Segundo relatos, o motorista de um dos caminhões teria acendido o equipamento enquanto aguardava cadetes da Aman (Academia Militar das Agulhas Negras) que terminavam uma semana de treinamento.
Procurada, a concessionária Parquetur, responsável pela administração do parque, afirmou que aguarda o resultado da perícia para investigar a possibilidade de o incêndio ter começado durante o treinamento militar.
Também procurado, desde a manhã desta segunda-feira (17), o Exército disse ter encaminhado os questionamentos à Aman. A academia, por sua vez, não respondeu. O posicionamento será incluído na reportagem quando enviado.
O uso de fogueiras e fogareiros é proibido em todo parque, com exceção da área de camping, localizado a cerca de 3 km do local onde o fogo começou.

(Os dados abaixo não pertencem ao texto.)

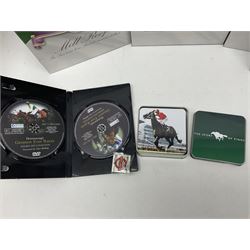 Atlas Editions pewter racehorses, to include Sea Bird, Kauto star etc  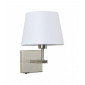 Applique ronde de chevet blanche Norte|Appliques murales|Luminaire Center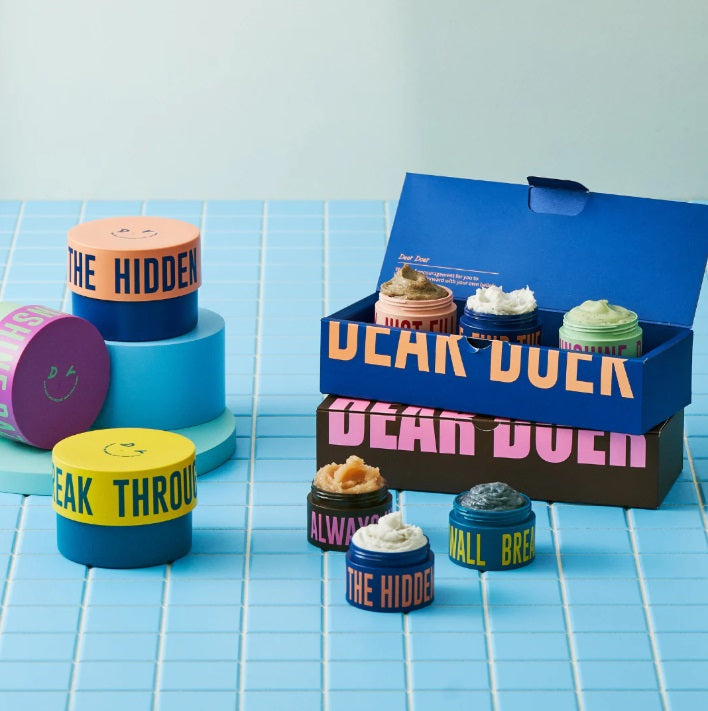 Dear Doer Набір скрабів для тіла, 3 шт. х 37 мл – Dear Doer 3 Main Body Scrub Set (mini size)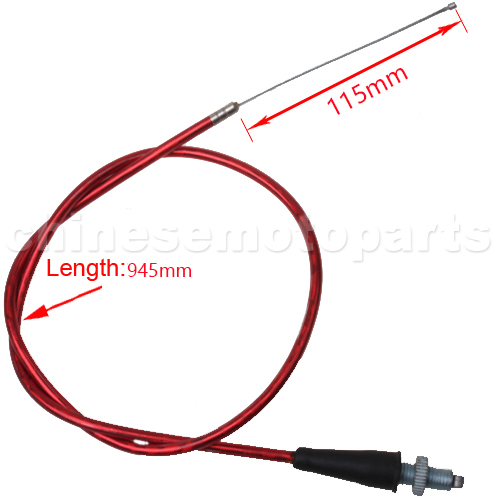 37.2" Throttle Cable with Laser Tube for 50cc-125cc Dirt Bike - Click Image to Close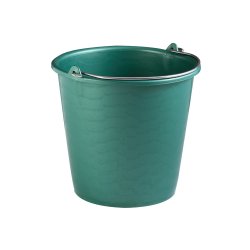 Seau rond en plastique avec anse en fer 10L - 1PC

No primeiro dia do incêndio, a umidade do ar estava baixa e o vento era de cerca de 20 km/h, o que favoreceu o alastramento das chamas. De acordo com o ICMBio (Instituto Chico Mendes de Conservação da Biodiversidade), o alerta foi dado por volta das 14h da sexta-feira, mesmo horário em que as câmeras de segurança flagraram a fumaça ao lado do comboio.
Baseados em um abrigo a cerca de 1 km da entrada do parque, os brigadistas chegaram no momento em que o fogo já tinha atingido a vegetação próxima ao morro do Couto e à portaria do parque.

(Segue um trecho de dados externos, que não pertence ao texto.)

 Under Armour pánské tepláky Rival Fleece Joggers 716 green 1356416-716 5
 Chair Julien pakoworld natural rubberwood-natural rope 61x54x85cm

Essa área, segundo o ICMBio, é um campo de altitude, acima de 2.500 metros, e a vegetação estava bastante seca devido às poucas chuvas nos últimos tempos.
O gestor do parque, Felipe Cruz, afirmou à Folha de S.Paulo que cadetes da Academia Militar das Agulhas Negras estavam no local para participar de um treinamento intitulado Estágio Básico de Combatente de Montanha, em que turmas do primeiro ano passam uma semana no Itatiaia para aprender técnicas de sobrevivência, entre outras habilidades.

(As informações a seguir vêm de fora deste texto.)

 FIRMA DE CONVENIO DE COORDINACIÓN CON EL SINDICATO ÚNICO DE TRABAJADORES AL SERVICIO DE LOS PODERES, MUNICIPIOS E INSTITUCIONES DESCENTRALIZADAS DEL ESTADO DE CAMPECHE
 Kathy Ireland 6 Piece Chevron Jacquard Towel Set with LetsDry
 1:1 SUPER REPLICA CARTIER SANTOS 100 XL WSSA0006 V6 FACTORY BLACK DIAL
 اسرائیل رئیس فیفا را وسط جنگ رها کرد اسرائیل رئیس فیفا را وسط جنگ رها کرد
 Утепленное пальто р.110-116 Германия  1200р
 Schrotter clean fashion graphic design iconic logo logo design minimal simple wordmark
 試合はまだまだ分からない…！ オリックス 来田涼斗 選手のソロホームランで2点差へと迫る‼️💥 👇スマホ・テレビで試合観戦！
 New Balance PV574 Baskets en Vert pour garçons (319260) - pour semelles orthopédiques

“Estamos, agora, focados no combate às chamas. Qualquer posição agora é muito precipitada”, disse sobre a hipótese de o incêndio ter sido provocado acidentalmente pelo grupo.
Por estar entre 540 e 2.791 metros acima do nível do mar, a parte alta do parque tem clima inóspito e registra uma das temperaturas mais baixas do país. Por possuir relevo rochoso, recebe turmas de cadetes do primeiro ano da Aman desde 1957, para aprenderem técnicas de escalada, uso de equipamentos de montanha, nós e amarrações, além de rapel.
O Itatiaia é o primeiro parque nacional do Brasil e, no dia do começo do incêndio, na sexta, completou 87 anos.
Assim que avistou a fumaça do quintal de sua casa, a 6 km do parque, o maratonista de montanha Wilton Nascimento conta que correu para se voluntariar para ajudar as equipes de brigadistas. “Entrei no carro e dirigi até lá com lágrimas nos olhos. O parque é a minha vida”, diz.
Ao chegar lá, conta, foi impedido de se aproximar das labaredas porque não tinha curso de brigadista, mas passou a madrugada toda no apoio às equipes.
“Corri com mangueiras nas costas”, diz. “Percorri os comércios abertos na cidade e comprei todas as pilhas que encontrei e bebidas isotônicas, que eram o que mais precisavam”, narra.
O momento de desespero se igualou aos dias em que também combateu o incêndio na Serra Fina, seção da Serra da Mantiqueira vizinha ao Parque Nacional de Itatiaia, em julho de 2020. “Já tinha conseguido esquecer aquelas imagens, mas tudo voltou agora”, diz.
As investigações sobre a origem do fogo que destruiu 500 hectares de vegetação naquele ano ainda não foram concluídas.